Re: subtle side effect of commit a1c48bb160f836

From: Vineet Gupta
Date: Thu Jun 18 2015 - 05:17:25 EST


+CC Claudiu - ARC gcc guru

On Thursday 18 June 2015 02:25 PM, Geert Uytterhoeven wrote:
> Hi Vineet,
>
> On Thu, Jun 18, 2015 at 10:45 AM, Vineet Gupta
> <Vineet.Gupta1@xxxxxxxxxxxx> wrote:
>> On Thursday 18 June 2015 01:43 PM, Michal Marek wrote:
>>>>> Alternatively, as we already have CONFIG_CC_OPTIMIZE_FOR_SIZE,
>>>>> a(nother) Kconfig option may make sense.
>>> We can also introduce some ARCH_CFLAGS that is appended near the end of
>>> the list, and have arc/Makefile add its -O3 there. But I'd like to why
>>> the -O3 needs to be there in first place.
>>
>> This is how historically ARC kernels have been built.
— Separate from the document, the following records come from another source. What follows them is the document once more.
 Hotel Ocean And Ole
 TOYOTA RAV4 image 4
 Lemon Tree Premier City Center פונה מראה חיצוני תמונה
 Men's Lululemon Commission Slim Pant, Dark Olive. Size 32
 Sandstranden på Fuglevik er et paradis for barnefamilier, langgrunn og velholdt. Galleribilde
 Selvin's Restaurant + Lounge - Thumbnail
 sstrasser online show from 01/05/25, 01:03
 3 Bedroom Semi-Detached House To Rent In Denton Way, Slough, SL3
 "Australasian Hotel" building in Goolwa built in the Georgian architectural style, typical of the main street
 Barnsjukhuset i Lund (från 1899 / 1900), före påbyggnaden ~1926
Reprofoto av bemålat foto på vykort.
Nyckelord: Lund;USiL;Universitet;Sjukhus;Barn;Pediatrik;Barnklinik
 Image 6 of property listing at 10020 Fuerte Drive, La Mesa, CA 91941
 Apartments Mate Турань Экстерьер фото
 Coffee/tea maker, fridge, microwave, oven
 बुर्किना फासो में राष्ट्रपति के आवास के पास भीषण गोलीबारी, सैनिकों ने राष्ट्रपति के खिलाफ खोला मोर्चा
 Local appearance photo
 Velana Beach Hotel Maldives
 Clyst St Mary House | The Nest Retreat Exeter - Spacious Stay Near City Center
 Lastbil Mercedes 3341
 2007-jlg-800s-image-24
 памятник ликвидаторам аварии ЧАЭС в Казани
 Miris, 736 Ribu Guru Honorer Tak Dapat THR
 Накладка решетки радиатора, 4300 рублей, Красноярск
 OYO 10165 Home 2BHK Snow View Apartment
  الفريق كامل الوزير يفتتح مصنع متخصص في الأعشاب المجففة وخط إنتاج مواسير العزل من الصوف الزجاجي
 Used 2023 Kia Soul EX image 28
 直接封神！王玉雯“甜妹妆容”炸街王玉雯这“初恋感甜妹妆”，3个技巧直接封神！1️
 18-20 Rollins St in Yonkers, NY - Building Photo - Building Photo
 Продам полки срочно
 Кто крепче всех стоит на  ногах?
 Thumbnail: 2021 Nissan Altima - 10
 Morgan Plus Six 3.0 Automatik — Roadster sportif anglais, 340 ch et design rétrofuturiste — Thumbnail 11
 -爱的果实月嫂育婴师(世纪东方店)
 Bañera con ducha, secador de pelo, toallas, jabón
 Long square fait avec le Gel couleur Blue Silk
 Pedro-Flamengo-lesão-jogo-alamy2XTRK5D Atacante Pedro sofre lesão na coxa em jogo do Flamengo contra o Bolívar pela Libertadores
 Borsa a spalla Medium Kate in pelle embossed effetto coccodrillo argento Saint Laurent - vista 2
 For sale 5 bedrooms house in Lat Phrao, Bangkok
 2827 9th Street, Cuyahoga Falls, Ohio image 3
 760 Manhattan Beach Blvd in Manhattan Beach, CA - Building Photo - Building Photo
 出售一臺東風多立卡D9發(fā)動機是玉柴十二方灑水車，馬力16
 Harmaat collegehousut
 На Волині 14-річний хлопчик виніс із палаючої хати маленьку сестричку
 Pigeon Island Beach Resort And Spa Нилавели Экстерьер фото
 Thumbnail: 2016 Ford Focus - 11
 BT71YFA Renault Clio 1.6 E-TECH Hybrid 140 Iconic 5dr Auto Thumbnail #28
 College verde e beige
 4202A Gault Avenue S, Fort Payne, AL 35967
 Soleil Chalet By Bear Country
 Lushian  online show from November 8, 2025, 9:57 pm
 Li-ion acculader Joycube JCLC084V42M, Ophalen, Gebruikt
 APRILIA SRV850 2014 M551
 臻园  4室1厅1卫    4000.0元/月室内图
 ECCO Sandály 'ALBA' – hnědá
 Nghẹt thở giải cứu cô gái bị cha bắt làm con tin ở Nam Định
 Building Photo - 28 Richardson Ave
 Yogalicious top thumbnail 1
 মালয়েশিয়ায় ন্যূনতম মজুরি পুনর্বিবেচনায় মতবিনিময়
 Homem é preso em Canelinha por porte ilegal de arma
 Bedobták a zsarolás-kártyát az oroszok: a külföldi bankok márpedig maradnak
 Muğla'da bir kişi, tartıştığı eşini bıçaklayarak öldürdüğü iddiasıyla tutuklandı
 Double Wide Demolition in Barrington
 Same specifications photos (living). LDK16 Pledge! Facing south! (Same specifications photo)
We do track performance
>> results LMBench/hackbench... and going from -O3 to -O2 caused a sudden dip in some
>> of the numbers when we measured 3.18 (vs. 3.13)
>>
>>> Obviously, the kernel works
>>> with -O2, otherwise the regression would have been identified earlier.
>>
>> Its a performance thing - so yeah -O2 works, but -O3 works even better :-)
>
> Did you see some numbers increase when going from -O3 to -O2?
> IIRC, -O3 enables more aggressive inlining, which can cause more L1 cache
> misses.

It sure does but smaller functions could cause more stack return mispredicts etc.
It all boils down to the micro-arch in the end and how gcc does arch specific
things under the hood of -O{2,s}.


> It might be worth trying CONFIG_CC_OPTIMIZE_FOR_SIZE=y...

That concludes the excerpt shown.